Stored items:
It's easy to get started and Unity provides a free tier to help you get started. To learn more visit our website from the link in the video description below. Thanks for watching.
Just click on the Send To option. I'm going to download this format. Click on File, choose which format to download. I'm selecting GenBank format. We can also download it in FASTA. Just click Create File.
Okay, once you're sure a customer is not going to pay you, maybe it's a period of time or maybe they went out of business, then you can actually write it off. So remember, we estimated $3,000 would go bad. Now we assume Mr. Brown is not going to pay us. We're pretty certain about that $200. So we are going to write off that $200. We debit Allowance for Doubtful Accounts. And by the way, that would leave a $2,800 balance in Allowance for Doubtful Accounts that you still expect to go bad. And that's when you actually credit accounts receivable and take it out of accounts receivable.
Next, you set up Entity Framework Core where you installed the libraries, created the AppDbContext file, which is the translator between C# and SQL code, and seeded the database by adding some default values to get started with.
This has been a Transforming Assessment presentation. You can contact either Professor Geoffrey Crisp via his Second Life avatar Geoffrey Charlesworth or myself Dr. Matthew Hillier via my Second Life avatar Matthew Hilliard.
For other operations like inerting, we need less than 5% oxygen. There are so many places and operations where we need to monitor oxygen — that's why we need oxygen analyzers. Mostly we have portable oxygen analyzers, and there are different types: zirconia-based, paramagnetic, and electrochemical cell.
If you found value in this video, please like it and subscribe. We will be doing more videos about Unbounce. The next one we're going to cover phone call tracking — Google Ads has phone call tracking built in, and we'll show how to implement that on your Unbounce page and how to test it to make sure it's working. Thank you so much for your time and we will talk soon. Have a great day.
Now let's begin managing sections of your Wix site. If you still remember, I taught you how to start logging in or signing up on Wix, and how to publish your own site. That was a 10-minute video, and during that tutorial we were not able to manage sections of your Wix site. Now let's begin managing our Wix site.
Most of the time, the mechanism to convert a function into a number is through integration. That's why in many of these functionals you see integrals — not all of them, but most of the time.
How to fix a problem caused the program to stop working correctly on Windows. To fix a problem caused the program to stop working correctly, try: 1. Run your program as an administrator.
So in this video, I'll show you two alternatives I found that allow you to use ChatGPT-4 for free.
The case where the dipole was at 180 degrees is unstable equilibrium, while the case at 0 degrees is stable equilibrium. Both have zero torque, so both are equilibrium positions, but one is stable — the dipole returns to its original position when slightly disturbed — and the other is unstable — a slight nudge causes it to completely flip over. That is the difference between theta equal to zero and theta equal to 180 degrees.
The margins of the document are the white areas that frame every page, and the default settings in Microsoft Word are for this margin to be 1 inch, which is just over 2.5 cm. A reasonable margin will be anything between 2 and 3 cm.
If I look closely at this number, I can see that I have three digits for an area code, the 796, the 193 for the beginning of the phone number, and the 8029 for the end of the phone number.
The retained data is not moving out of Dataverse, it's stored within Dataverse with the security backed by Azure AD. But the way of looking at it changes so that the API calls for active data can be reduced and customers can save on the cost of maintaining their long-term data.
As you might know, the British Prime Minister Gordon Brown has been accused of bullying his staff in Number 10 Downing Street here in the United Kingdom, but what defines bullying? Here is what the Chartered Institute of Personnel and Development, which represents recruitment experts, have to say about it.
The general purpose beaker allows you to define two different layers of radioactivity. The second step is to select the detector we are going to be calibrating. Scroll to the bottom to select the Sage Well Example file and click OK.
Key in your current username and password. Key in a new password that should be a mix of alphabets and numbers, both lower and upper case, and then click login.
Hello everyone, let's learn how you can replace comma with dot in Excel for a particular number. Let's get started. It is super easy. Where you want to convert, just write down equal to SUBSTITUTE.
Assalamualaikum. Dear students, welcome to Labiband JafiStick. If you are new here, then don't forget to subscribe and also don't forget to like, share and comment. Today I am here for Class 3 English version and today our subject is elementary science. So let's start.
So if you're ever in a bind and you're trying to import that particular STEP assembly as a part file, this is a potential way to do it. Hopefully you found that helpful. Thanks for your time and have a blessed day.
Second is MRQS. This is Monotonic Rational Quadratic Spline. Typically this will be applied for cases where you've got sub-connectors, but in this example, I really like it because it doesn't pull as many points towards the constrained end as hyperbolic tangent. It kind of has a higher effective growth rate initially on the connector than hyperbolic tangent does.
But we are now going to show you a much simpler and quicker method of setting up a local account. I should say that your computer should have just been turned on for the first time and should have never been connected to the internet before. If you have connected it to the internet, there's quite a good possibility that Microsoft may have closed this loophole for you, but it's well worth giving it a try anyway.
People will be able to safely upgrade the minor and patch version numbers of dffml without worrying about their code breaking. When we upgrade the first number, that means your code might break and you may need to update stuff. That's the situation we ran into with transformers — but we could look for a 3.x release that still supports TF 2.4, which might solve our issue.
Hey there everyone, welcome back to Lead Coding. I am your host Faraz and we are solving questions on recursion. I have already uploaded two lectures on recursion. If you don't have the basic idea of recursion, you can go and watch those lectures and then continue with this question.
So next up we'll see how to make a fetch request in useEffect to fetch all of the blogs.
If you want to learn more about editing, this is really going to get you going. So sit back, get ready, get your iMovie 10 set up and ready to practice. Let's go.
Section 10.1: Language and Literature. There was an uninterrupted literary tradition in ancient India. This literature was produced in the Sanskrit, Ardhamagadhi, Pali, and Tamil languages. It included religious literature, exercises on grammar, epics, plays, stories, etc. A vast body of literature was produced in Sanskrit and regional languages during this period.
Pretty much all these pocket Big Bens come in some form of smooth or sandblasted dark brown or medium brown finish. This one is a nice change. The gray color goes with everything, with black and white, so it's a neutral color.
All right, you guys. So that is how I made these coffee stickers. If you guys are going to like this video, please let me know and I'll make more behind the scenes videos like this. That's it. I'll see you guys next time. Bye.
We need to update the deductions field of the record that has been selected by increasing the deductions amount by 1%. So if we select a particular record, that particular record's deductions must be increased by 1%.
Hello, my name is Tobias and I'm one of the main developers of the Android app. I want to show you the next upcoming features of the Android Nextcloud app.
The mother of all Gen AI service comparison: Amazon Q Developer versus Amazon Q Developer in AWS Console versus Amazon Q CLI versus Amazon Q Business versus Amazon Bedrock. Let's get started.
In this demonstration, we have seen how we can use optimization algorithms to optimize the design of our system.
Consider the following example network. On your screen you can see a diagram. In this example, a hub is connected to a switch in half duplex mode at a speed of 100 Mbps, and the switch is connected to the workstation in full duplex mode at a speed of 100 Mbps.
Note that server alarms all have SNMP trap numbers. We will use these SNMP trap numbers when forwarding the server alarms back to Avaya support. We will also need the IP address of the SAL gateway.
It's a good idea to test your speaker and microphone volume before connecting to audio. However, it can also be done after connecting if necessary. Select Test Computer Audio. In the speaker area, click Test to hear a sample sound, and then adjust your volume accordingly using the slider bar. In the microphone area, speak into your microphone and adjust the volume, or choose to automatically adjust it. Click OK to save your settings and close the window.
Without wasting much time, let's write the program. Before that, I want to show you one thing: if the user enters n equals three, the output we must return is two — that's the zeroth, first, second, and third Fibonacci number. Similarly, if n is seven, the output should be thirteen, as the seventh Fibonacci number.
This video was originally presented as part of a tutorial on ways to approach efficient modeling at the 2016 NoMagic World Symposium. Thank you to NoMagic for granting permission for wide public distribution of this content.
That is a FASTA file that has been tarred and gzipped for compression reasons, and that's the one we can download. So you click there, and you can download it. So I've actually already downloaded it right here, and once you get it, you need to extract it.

Required action: An exact reproduction of all the entries above is the expected answer.

Result of the exercise:
It's easy to get started and Unity provides a free tier to help you get started. To learn more visit our website from the link in the video description below. Thanks for watching.
Just click on the Send To option. I'm going to download this format. Click on File, choose which format to download. I'm selecting GenBank format. We can also download it in FASTA. Just click Create File.
Okay, once you're sure a customer is not going to pay you, maybe it's a period of time or maybe they went out of business, then you can actually write it off. So remember, we estimated $3,000 would go bad. Now we assume Mr. Brown is not going to pay us. We're pretty certain about that $200. So we are going to write off that $200. We debit Allowance for Doubtful Accounts. And by the way, that would leave a $2,800 balance in Allowance for Doubtful Accounts that you still expect to go bad. And that's when you actually credit accounts receivable and take it out of accounts receivable.
Next, you set up Entity Framework Core where you installed the libraries, created the AppDbContext file, which is the translator between C# and SQL code, and seeded the database by adding some default values to get started with.
This has been a Transforming Assessment presentation. You can contact either Professor Geoffrey Crisp via his Second Life avatar Geoffrey Charlesworth or myself Dr. Matthew Hillier via my Second Life avatar Matthew Hilliard.
For other operations like inerting, we need less than 5% oxygen. There are so many places and operations where we need to monitor oxygen — that's why we need oxygen analyzers. Mostly we have portable oxygen analyzers, and there are different types: zirconia-based, paramagnetic, and electrochemical cell.
If you found value in this video, please like it and subscribe. We will be doing more videos about Unbounce. The next one we're going to cover phone call tracking — Google Ads has phone call tracking built in, and we'll show how to implement that on your Unbounce page and how to test it to make sure it's working. Thank you so much for your time and we will talk soon. Have a great day.
Now let's begin managing sections of your Wix site. If you still remember, I taught you how to start logging in or signing up on Wix, and how to publish your own site. That was a 10-minute video, and during that tutorial we were not able to manage sections of your Wix site. Now let's begin managing our Wix site.
Most of the time, the mechanism to convert a function into a number is through integration. That's why in many of these functionals you see integrals — not all of them, but most of the time.
How to fix a problem caused the program to stop working correctly on Windows. To fix a problem caused the program to stop working correctly, try: 1. Run your program as an administrator.
So in this video, I'll show you two alternatives I found that allow you to use ChatGPT-4 for free.
The case where the dipole was at 180 degrees is unstable equilibrium, while the case at 0 degrees is stable equilibrium. Both have zero torque, so both are equilibrium positions, but one is stable — the dipole returns to its original position when slightly disturbed — and the other is unstable — a slight nudge causes it to completely flip over. That is the difference between theta equal to zero and theta equal to 180 degrees.
The margins of the document are the white areas that frame every page, and the default settings in Microsoft Word are for this margin to be 1 inch, which is just over 2.5 cm. A reasonable margin will be anything between 2 and 3 cm.
If I look closely at this number, I can see that I have three digits for an area code, the 796, the 193 for the beginning of the phone number, and the 8029 for the end of the phone number.
The retained data is not moving out of Dataverse, it's stored within Dataverse with the security backed by Azure AD. But the way of looking at it changes so that the API calls for active data can be reduced and customers can save on the cost of maintaining their long-term data.
As you might know, the British Prime Minister Gordon Brown has been accused of bullying his staff in Number 10 Downing Street here in the United Kingdom, but what defines bullying? Here is what the Chartered Institute of Personnel and Development, which represents recruitment experts, have to say about it.
The general purpose beaker allows you to define two different layers of radioactivity. The second step is to select the detector we are going to be calibrating. Scroll to the bottom to select the Sage Well Example file and click OK.
Key in your current username and password. Key in a new password that should be a mix of alphabets and numbers, both lower and upper case, and then click login.
Hello everyone, let's learn how you can replace comma with dot in Excel for a particular number. Let's get started. It is super easy. Where you want to convert, just write down equal to SUBSTITUTE.
Assalamualaikum. Dear students, welcome to Labiband JafiStick. If you are new here, then don't forget to subscribe and also don't forget to like, share and comment. Today I am here for Class 3 English version and today our subject is elementary science. So let's start.
So if you're ever in a bind and you're trying to import that particular STEP assembly as a part file, this is a potential way to do it. Hopefully you found that helpful. Thanks for your time and have a blessed day.
Second is MRQS. This is Monotonic Rational Quadratic Spline. Typically this will be applied for cases where you've got sub-connectors, but in this example, I really like it because it doesn't pull as many points towards the constrained end as hyperbolic tangent. It kind of has a higher effective growth rate initially on the connector than hyperbolic tangent does.
But we are now going to show you a much simpler and quicker method of setting up a local account. I should say that your computer should have just been turned on for the first time and should have never been connected to the internet before. If you have connected it to the internet, there's quite a good possibility that Microsoft may have closed this loophole for you, but it's well worth giving it a try anyway.
People will be able to safely upgrade the minor and patch version numbers of dffml without worrying about their code breaking. When we upgrade the first number, that means your code might break and you may need to update stuff. That's the situation we ran into with transformers — but we could look for a 3.x release that still supports TF 2.4, which might solve our issue.
Hey there everyone, welcome back to Lead Coding. I am your host Faraz and we are solving questions on recursion. I have already uploaded two lectures on recursion. If you don't have the basic idea of recursion, you can go and watch those lectures and then continue with this question.
So next up we'll see how to make a fetch request in useEffect to fetch all of the blogs.
If you want to learn more about editing, this is really going to get you going. So sit back, get ready, get your iMovie 10 set up and ready to practice. Let's go.
Section 10.1: Language and Literature. There was an uninterrupted literary tradition in ancient India. This literature was produced in the Sanskrit, Ardhamagadhi, Pali, and Tamil languages. It included religious literature, exercises on grammar, epics, plays, stories, etc. A vast body of literature was produced in Sanskrit and regional languages during this period.
Pretty much all these pocket Big Bens come in some form of smooth or sandblasted dark brown or medium brown finish. This one is a nice change. The gray color goes with everything, with black and white, so it's a neutral color.
All right, you guys. So that is how I made these coffee stickers. If you guys are going to like this video, please let me know and I'll make more behind the scenes videos like this. That's it. I'll see you guys next time. Bye.
We need to update the deductions field of the record that has been selected by increasing the deductions amount by 1%. So if we select a particular record, that particular record's deductions must be increased by 1%.
Hello, my name is Tobias and I'm one of the main developers of the Android app. I want to show you the next upcoming features of the Android Nextcloud app.
The mother of all Gen AI service comparison: Amazon Q Developer versus Amazon Q Developer in AWS Console versus Amazon Q CLI versus Amazon Q Business versus Amazon Bedrock. Let's get started.
In this demonstration, we have seen how we can use optimization algorithms to optimize the design of our system.
Consider the following example network. On your screen you can see a diagram. In this example, a hub is connected to a switch in half duplex mode at a speed of 100 Mbps, and the switch is connected to the workstation in full duplex mode at a speed of 100 Mbps.
Note that server alarms all have SNMP trap numbers. We will use these SNMP trap numbers when forwarding the server alarms back to Avaya support. We will also need the IP address of the SAL gateway.
It's a good idea to test your speaker and microphone volume before connecting to audio. However, it can also be done after connecting if necessary. Select Test Computer Audio. In the speaker area, click Test to hear a sample sound, and then adjust your volume accordingly using the slider bar. In the microphone area, speak into your microphone and adjust the volume, or choose to automatically adjust it. Click OK to save your settings and close the window.
Without wasting much time, let's write the program. Before that, I want to show you one thing: if the user enters n equals three, the output we must return is two — that's the zeroth, first, second, and third Fibonacci number. Similarly, if n is seven, the output should be thirteen, as the seventh Fibonacci number.
This video was originally presented as part of a tutorial on ways to approach efficient modeling at the 2016 NoMagic World Symposium. Thank you to NoMagic for granting permission for wide public distribution of this content.
That is a FASTA file that has been tarred and gzipped for compression reasons, and that's the one we can download. So you click there, and you can download it. So I've actually already downloaded it right here, and once you get it, you need to extract it.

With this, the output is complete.